◆ YOUR OBJECTIVE:
In the records below, find the line with "Ashlynn Brooke: height"; retype that line and all the following lines through the end, exactly, and add nothing.

(Collection entries)
>>>
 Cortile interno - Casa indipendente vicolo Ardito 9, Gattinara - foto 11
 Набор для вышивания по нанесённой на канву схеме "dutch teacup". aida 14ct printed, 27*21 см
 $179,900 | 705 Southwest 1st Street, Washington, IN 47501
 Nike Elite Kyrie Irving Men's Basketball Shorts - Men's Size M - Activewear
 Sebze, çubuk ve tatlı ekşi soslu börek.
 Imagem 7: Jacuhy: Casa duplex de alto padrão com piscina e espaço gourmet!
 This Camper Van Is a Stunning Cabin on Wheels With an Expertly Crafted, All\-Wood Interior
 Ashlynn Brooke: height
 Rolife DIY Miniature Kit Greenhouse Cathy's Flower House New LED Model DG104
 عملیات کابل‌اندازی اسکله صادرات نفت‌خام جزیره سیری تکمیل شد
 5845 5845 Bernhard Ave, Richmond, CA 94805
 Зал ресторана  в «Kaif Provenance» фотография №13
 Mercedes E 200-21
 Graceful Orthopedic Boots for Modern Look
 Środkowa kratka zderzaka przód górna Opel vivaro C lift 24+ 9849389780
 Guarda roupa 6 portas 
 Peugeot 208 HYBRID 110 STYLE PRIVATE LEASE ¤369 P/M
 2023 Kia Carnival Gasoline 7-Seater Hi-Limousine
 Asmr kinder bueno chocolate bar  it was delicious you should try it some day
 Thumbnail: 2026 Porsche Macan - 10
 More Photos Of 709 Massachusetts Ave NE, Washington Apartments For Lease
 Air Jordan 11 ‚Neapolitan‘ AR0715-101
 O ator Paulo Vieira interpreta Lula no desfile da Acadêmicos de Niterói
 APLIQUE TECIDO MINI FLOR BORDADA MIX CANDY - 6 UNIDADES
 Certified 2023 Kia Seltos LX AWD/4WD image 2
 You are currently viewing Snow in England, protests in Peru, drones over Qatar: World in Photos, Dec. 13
<<<
◆ REPLY:
 Ashlynn Brooke: height
 Rolife DIY Miniature Kit Greenhouse Cathy's Flower House New LED Model DG104
 عملیات کابل‌اندازی اسکله صادرات نفت‌خام جزیره سیری تکمیل شد
 5845 5845 Bernhard Ave, Richmond, CA 94805
 Зал ресторана  в «Kaif Provenance» фотография №13
 Mercedes E 200-21
 Graceful Orthopedic Boots for Modern Look
 Środkowa kratka zderzaka przód górna Opel vivaro C lift 24+ 9849389780
 Guarda roupa 6 portas 
 Peugeot 208 HYBRID 110 STYLE PRIVATE LEASE ¤369 P/M
 2023 Kia Carnival Gasoline 7-Seater Hi-Limousine
 Asmr kinder bueno chocolate bar  it was delicious you should try it some day
 Thumbnail: 2026 Porsche Macan - 10
 More Photos Of 709 Massachusetts Ave NE, Washington Apartments For Lease
 Air Jordan 11 ‚Neapolitan‘ AR0715-101
 O ator Paulo Vieira interpreta Lula no desfile da Acadêmicos de Niterói
 APLIQUE TECIDO MINI FLOR BORDADA MIX CANDY - 6 UNIDADES
 Certified 2023 Kia Seltos LX AWD/4WD image 2
 You are currently viewing Snow in England, protests in Peru, drones over Qatar: World in Photos, Dec. 13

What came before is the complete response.